Fresh wave of competition among lenders could provide relief for homebuyers ahead of UK general election.

A swath of UK lenders have dropped their mortgage rates over the past few days, fuelled by expectations that the Bank of England will soon start lowering interest rates.

Barclays decreased the rate on a five-year remortgage deal from 4.77 per cent to 4.32 per cent, assuming a 40 per cent deposit. The rate on its two-year fix dropped from 4.94 per cent to 4.61, with a £999 fee. Other lenders to cut rates — with more modest changes — include HSBC, TSB, Skipton Building Society and buy-to-let specialist BM Solutions.

The cuts have renewed hopes that a fresh wave of competition among lenders will push others to follow suit, providing relief for homebuyers ahead of a general election anticipated in the autumn in which access to housing has become a key battleground.

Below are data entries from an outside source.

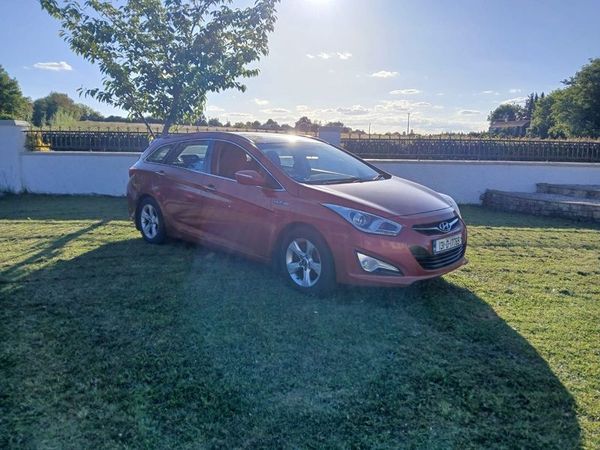 Hyundai i40 Estate/Jeep, Diesel, 2013, Red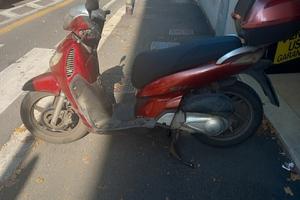Honda SH 150 - 2008 - PERMUTE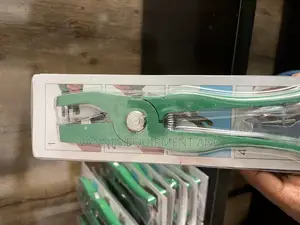 Ear Tag Applicator Pliers (With Spare Pin) for Livstock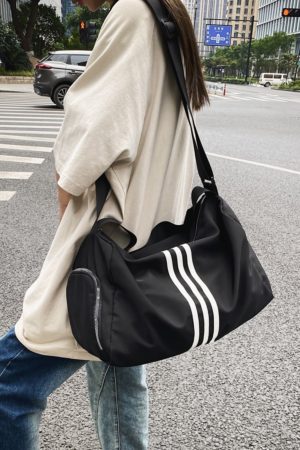 Lightweight Large-Capacity Sports Yoga Fitness Bag with Dry and Wet Separation - Versatile Crossbody Travel Luggage Storage Bag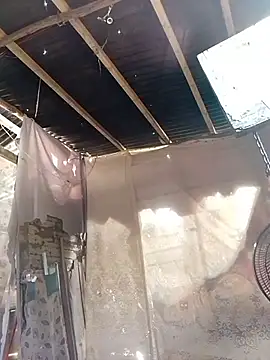 sara milf777 online show from February 20, 2026, 5:35 pm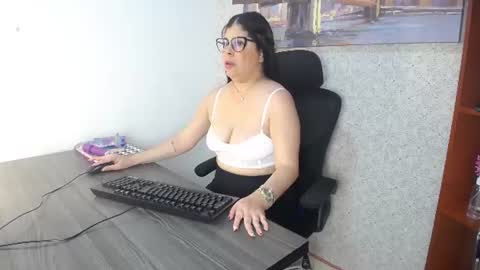 Brenda online show from August 15, 4:44 pm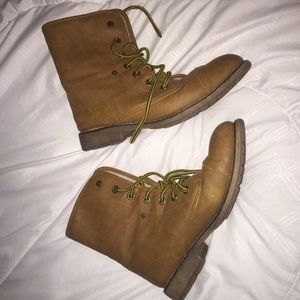 lined combat boots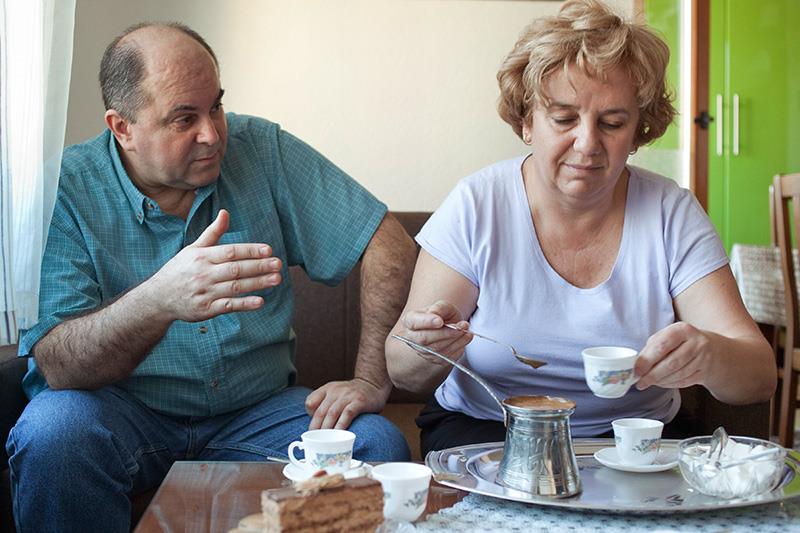 Frau und Mann an Tisch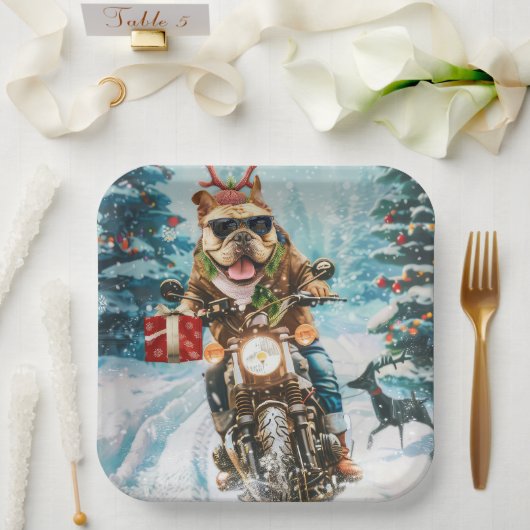バイクに乗るブルドッグ クリスマス ペーパープレート (ウェディング)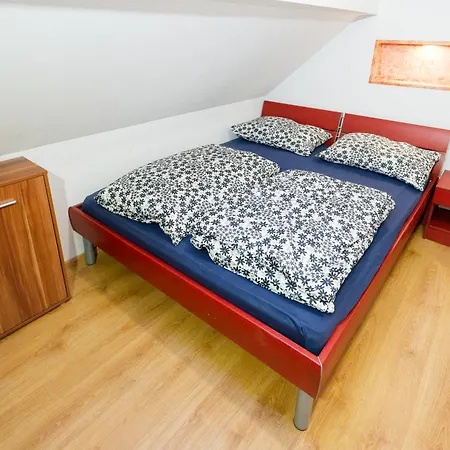 Flegarrooms Apartmán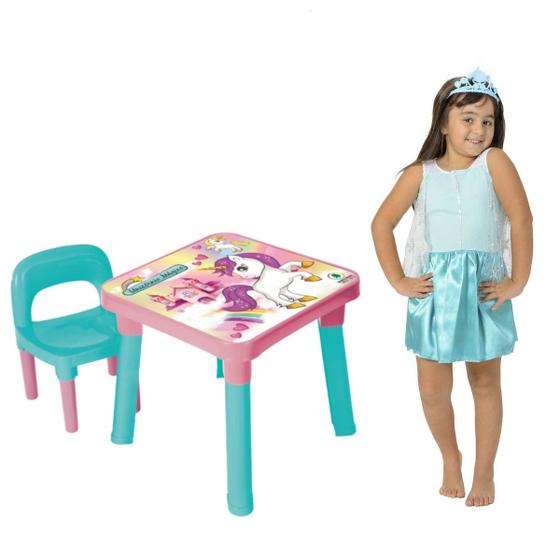 Imagem de Mesa Cadeira Infantil Unicórnio + Fantasia Princesa Rapunzel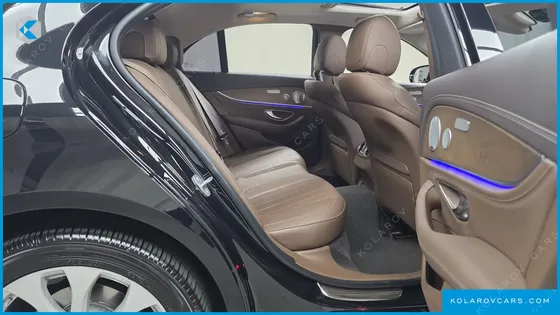 MERCEDES E-CLASS E300 4MATIC EXCLUSIVE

This follows growing market expectations that the Bank of Ireland, which held its benchmark rate at 5.25 per cent, will soon start lowering borrowing costs, with the balance tipping slightly in favour of a rate cut by June. That has pushed down swap rates, which reflect market expectations of the path for interest rates, and are used by lenders to price their mortgage deals.

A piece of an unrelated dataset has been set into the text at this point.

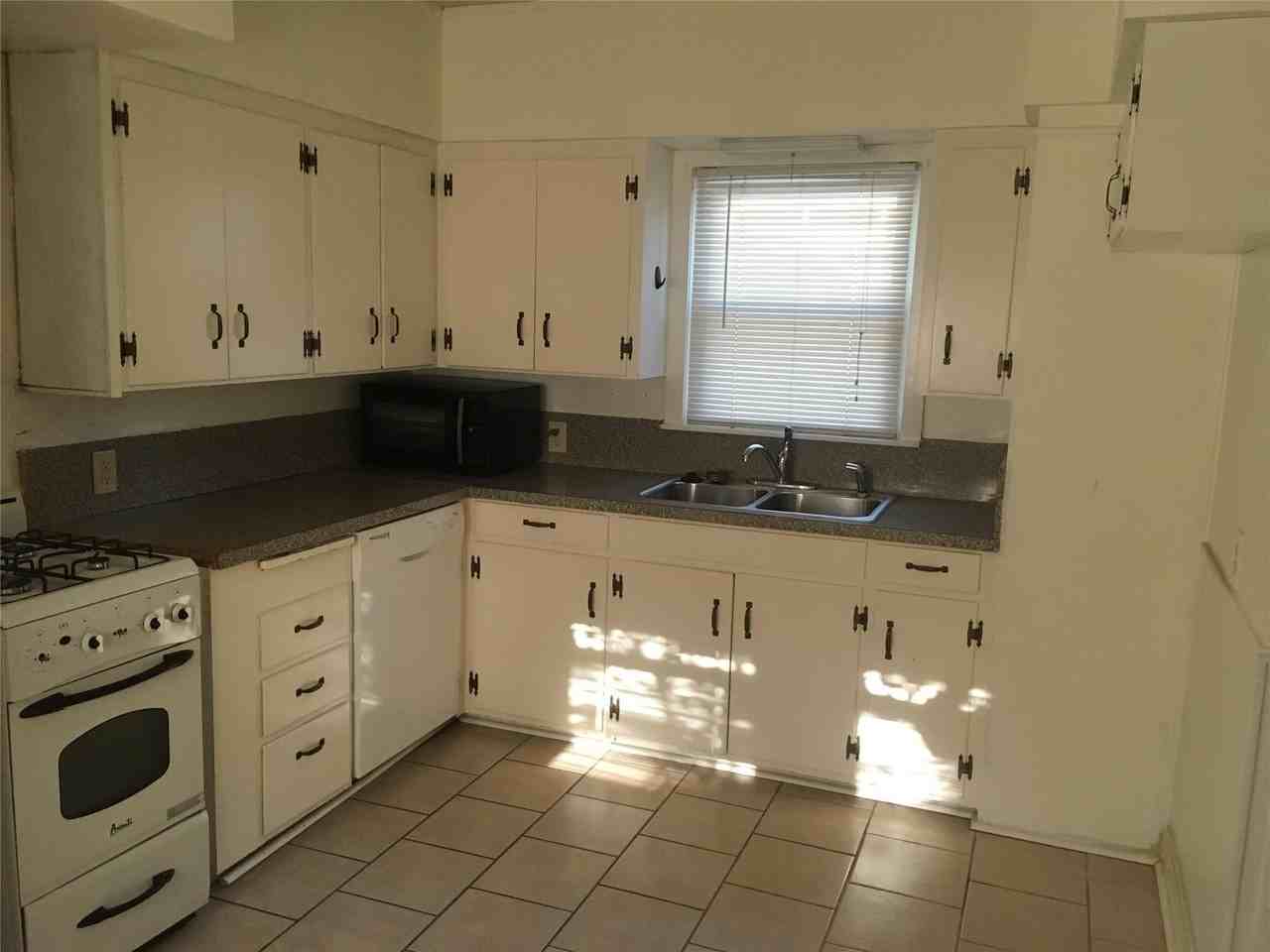 1000 Stuart Rd - Photo 5 of 5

“Following last week’s announcement that the bank rate would remain unchanged financial markets have adjusted their forecasts,” said Nicholas Mendes, technical manager at mortgage broker John Charcol. “There is now significant potential for rate reductions in the coming fortnight”.

Two-year swaps — which correlate to the pricing of two-year fixed-rate mortgages — fell to 4.51 per cent this week, down from 4.78 per cent at the start of May. Five-year swaps have fallen from 4.26 per cent to 3.97 per cent over the same period.

“It gives the lenders some room to manoeuvre,” said Andrew Montlake, managing director of mortgage broker Coreco. “It looks like it’s going to be a little more competitive for a while, certainly up until the summer. And we’ll see other lenders following suit.”

A period of optimism — and lower mortgage rates — in January proved short lived, as inflation data surprised markets by ticking up. “I think the markets and everyone else got ahead of themselves,” said Montlake.

Mortgage rates have continued to climb in recent weeks, as lenders struggled to see a clear outlook on inflation and the economy.

But others agreed there were now signs of a turn. “It wouldn’t be unreasonable to expect fixed rates to come down over the next six months and be somewhere close to the levels they were in January,” said Aaron Strutt, a director at broker Trinity Financial. “Five-year fixes need to be around 4 per cent for people to feel like they are getting reasonable value.”

Chris Sykes, consultant at broker Private Finance, said: “It’s good that lenders are responding quickly to changes in swap rates. These rate reductions are edging us back towards the position we were in three or four weeks ago, because over the past few weeks it’s always been up, up, up. I think we will see other lenders follow up.”

Average rates on two-year fixes are 5.9 per cent, according to data provider Moneyfacts — up from 5.3 per cent this time last year.